Sono stato tra i primi critici, proprio perché pensavo che la nostra operazione dovesse puntare a portare alle urne buona parte di quella larghissima fetta di cittadini che non vota e che non crede alla rappresentanza. Avremmo potuto convincere i movimenti a superare le loro perplessità rispetto alla democrazia rappresentativa, spesso vissuta come una truffa. Benché si tratti di persone caratterizzate da una partecipazione politica diffusa: penso a chi occupa i teatri, ai movimenti legati al territorio, ai centri sociali, a chi lotta contro la Tav. Per non parlare dell’immenso mondo del precariato legato all’università. Tutte realtà che si sarebbero potute riconoscere in una piattaforma “benecomunista”.

Cavalcando politicamente la critica alla partitocrazia.

Ma con un orizzonte di senso costruttivo: non solo urla e barricate, ma creando un ceto politico in grado anche di proporre, con una visione diversa dell’economia. Temi scomparsi negli “arancioni” e mai vissuti fino in fondo in Sel. È davvero una grande sconfitta per chi aveva votato il referendum sull’acqua bene pubblico, un mondo non solo di sinistra. Invece ora siamo ripiombati in una contrapposizione destra-sinistra di stampo ottocentesco.

Non crede che potrà giovarsene il Movimento 5 Stelle?

Se prenderà molti voti sarò contento: sarà comunque un importante segnale antisistemico. Ma non attirerà gli astensionisti: chi è politicamente attivo ma rifiuta la democrazia rappresentativa non si fida dei “grillini”, li vede come dilettanti allo sbaraglio. Per non parlare di certe loro sbavature imbarazzanti: come l’apertura alla destra estrema di Casa Pound.

Lei alla fine chi voterà?

Risiedo a Torino, lì sarà facile: nella lista piemontese di Sel c’è Giorgio Airaudo, ottimo sindacalista della Fiom. Ma sarà un voto rivolto alla persona, non al partito. Se fossi in Veneto o Liguria voterei invece un candidato di Rivoluzione civile, Alberto Lucarelli, che a Napoli è assessore ai beni comuni della giunta De Magistris.

E con il “Porcellum” senza preferenze, come farà?

Certo, è un problema: tutto dipende dalla posizione assegnata in lista ai candidati.

Professore, che cosa pensa invece del governo Monti?
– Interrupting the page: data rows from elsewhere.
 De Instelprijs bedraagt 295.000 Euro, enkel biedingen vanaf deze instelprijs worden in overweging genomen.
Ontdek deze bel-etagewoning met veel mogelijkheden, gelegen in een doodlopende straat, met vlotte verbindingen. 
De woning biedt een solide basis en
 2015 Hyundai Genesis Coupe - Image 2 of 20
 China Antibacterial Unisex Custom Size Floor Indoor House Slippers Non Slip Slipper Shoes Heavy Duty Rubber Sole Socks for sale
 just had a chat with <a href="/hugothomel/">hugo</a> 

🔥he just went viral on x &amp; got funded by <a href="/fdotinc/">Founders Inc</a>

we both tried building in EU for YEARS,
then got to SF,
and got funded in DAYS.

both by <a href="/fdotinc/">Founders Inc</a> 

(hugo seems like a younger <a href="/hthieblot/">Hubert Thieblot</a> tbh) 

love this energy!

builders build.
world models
Penso che sia stata la risposta golpista di fronte alla presa di coscienza del popolo italiano, che attraverso i referendum del giugno 2011 si era espresso chiaramente contro il neoliberismo. A questa volontà di invertire la retta è stata data una risposta autoritaria: prima con l’attacco speculativo contro l’euro, poi con la soluzione emergenziale del governo Monti, di cui penso tutto il male possibile. Tutte le soluzioni autoritarie contrarie alla volontà popolare non possono che portare guai. Nonostante il potente sforzo mediatico che l’ha sostenuto, facendolo avvertire come male minore rispetto a Berlusconi.

Il premier Monti insomma anche peggio del Cavaliere?

Sì, è un male ancora maggiore. Tant’è che ora Berlusconi è tornato in gioco. E forse, grazie a quest’anno di governo Monti, alla fine farà il miracolo.